Sœur Véronique resta silencieuse et triste. Elle revoyait les enfants dont elle avait assisté le départ, petits êtres effarouchés à la vue de ceux qui venaient les chercher pour remplacer auprès d’eux les lâches qui les avaient abandonnés. Parmi les figures enfantines qui passaient ainsi devant elle, une, bien expressive, la fixa soudain et la fit tressaillir. Elle se retourna du côté d’Étienne Bordier.

— Il y a eu ici une adoption dont je me souviens bien, et que met encore plus présent à mon esprit le nom que vous portez, mais il s’agit d’un enfant plus âgé que celui qui vous occupe.

— Mon nom ne vous est pas inconnu ?

— Un monsieur Bordier est venu chercher un enfant ici, il y a de cela… dix-neuf ans. Ce monsieur venait de Québec, et en vous regardant, je retrouve un peu ses traits.

— Il s’appelait Eustache, n’est-ce pas ?

— Oui.

— Il est mon cousin, et vous dites qu’il a adopté un enfant…

— Oui. Un garçonnet de six ans. Je revois le cher mignon se jetant au cou de celui qui lui tendait les bras.

— Mon cousin est heureux, lui, et moi…

Un désir de mourir le saisit, et était-ce pour répondre à son souhait ? une douleur aiguë lui traversa la poitrine, il porta la main à son cœur, et se leva avec effort.

— Adieu, ma sœur, et encore une fois merci, fit-il oppressé.

Sœur Véronique se leva à son tour et accompagna son visiteur jusqu’à la porte, mais comme Étienne Bordier allait en franchir le seuil, elle l’arrêta.

— Attendez, s’il vous plaît, monsieur, il me semble que je ne dois pas vous laisser partir sans vous parler de l’enfant adopté par votre cousin, et de son arrivée ici.

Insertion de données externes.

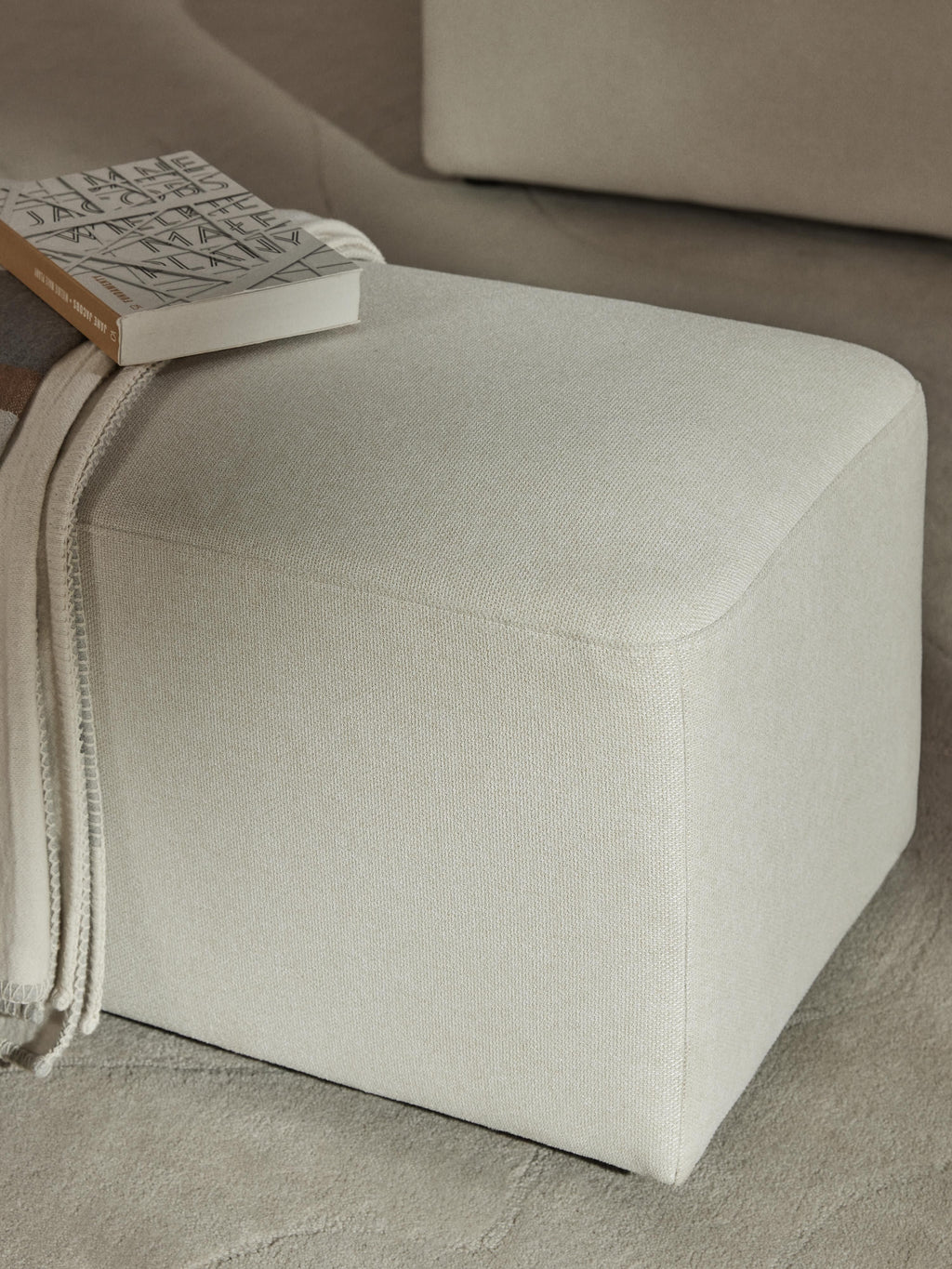 Melva Ottoman, W 99 x D 42 cm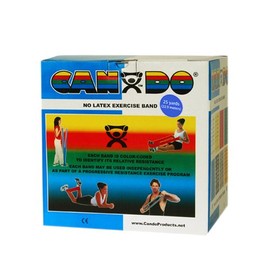 CanDo Twin-Pak Latex-Free Exercise Band, Black, 100 Yard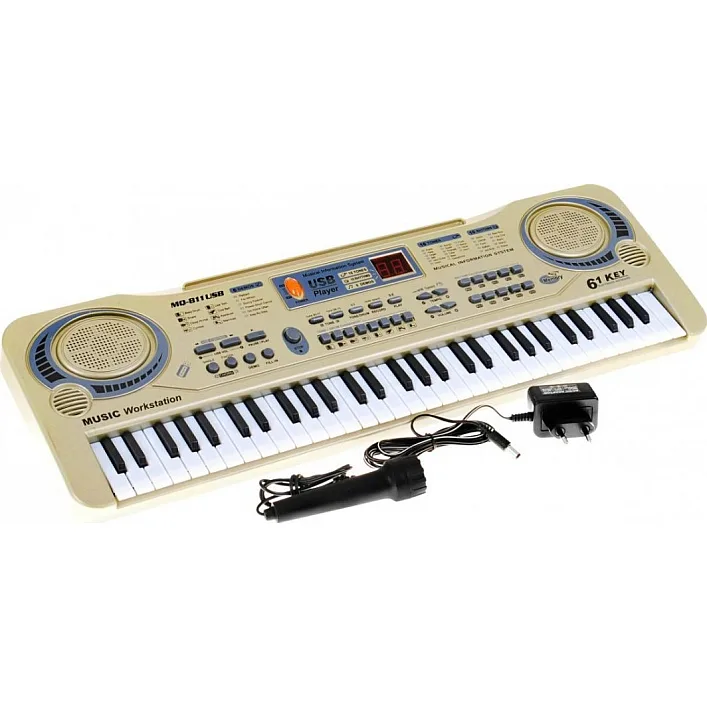 Детский синтезатор 5+ Микрофон + Запись + USB MP3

Étienne s’immobilisa, respectueux.

La religieuse commença sa narration et à mesure qu’elle parlait, un changement extraordinaire se produisait sur la personne d’Étienne Bordier. Il n’était plus un homme courbé, il rayonnait d’une joie surhumaine, des larmes brillaient sur son visage devenu radieux, rajeuni. Sœur Véronique qui suivait, émue, la marche de cette transformation en devina la cause, elle dit la voix infiniment douce :

— Les desseins de la Providence sont souvent incompréhensibles.

— Oh, je remercie Celui qui a protégé mon fils ! Ah, c’est lui mon enfant que vous avez reçu sous votre toit béni… Nul doute ne peut exister… Ces langes… ce manteau brodé, initialé… Cette petite médaille. Ah, c’est bien mon cher petit !

Étienne raconta l’épisode lamentable de sa vie. Pendant qu’il le fit, Sœur Véronique ferma souvent les yeux pour refouler les larmes qu’elle ne voulait pas laisser couler. Lorsqu’il eut fini, la religieuse reprit, maîtrisant son émotion :

— Dieu ne fait pas les choses à demi. Vous verrez votre fils, un homme aujourd’hui et qui fait honneur au nom qu’il porte. Tout le monde connaît, le célèbre architecte québécois, Paul Bordier.

Aucune parole ne fut échangée lorsque Étienne Bordier quitta Sœur Véronique, mais leurs regards se rencontrèrent sur le grand crucifix de la pièce. Étienne s’inclina profondément et la vénérable religieuse traça sur la tête penchée le signe de la croix.

Oh, il y eut des réjouissances dans le logis de la rue St-Hubert, ce soir-là.

— Je reverrai l’enfant de Gilberte, ne cessait de répéter la bonne tante Marie, je le reverrai bientôt et je mourrai heureuse.

— Vous vivrez longtemps encore tante bien-aimée, ne voyez-vous pas que j’ai besoin de la force de votre vieillesse pour supporter mon bonheur ? Je pars pour Québec, et je reviens vous chercher. Nous serons tous réunis à Noël. Ah, quelle fête nous aurons !

Pendant qu’une puissante limousine filait rapide, silencieuse, vers la ville de Champlain, une vieille, un peu courbée, le visage souriant sous la bise, gravissait à petit pas le versant du Mont-Royal, en route vers le pieux Oratoire de St-Joseph.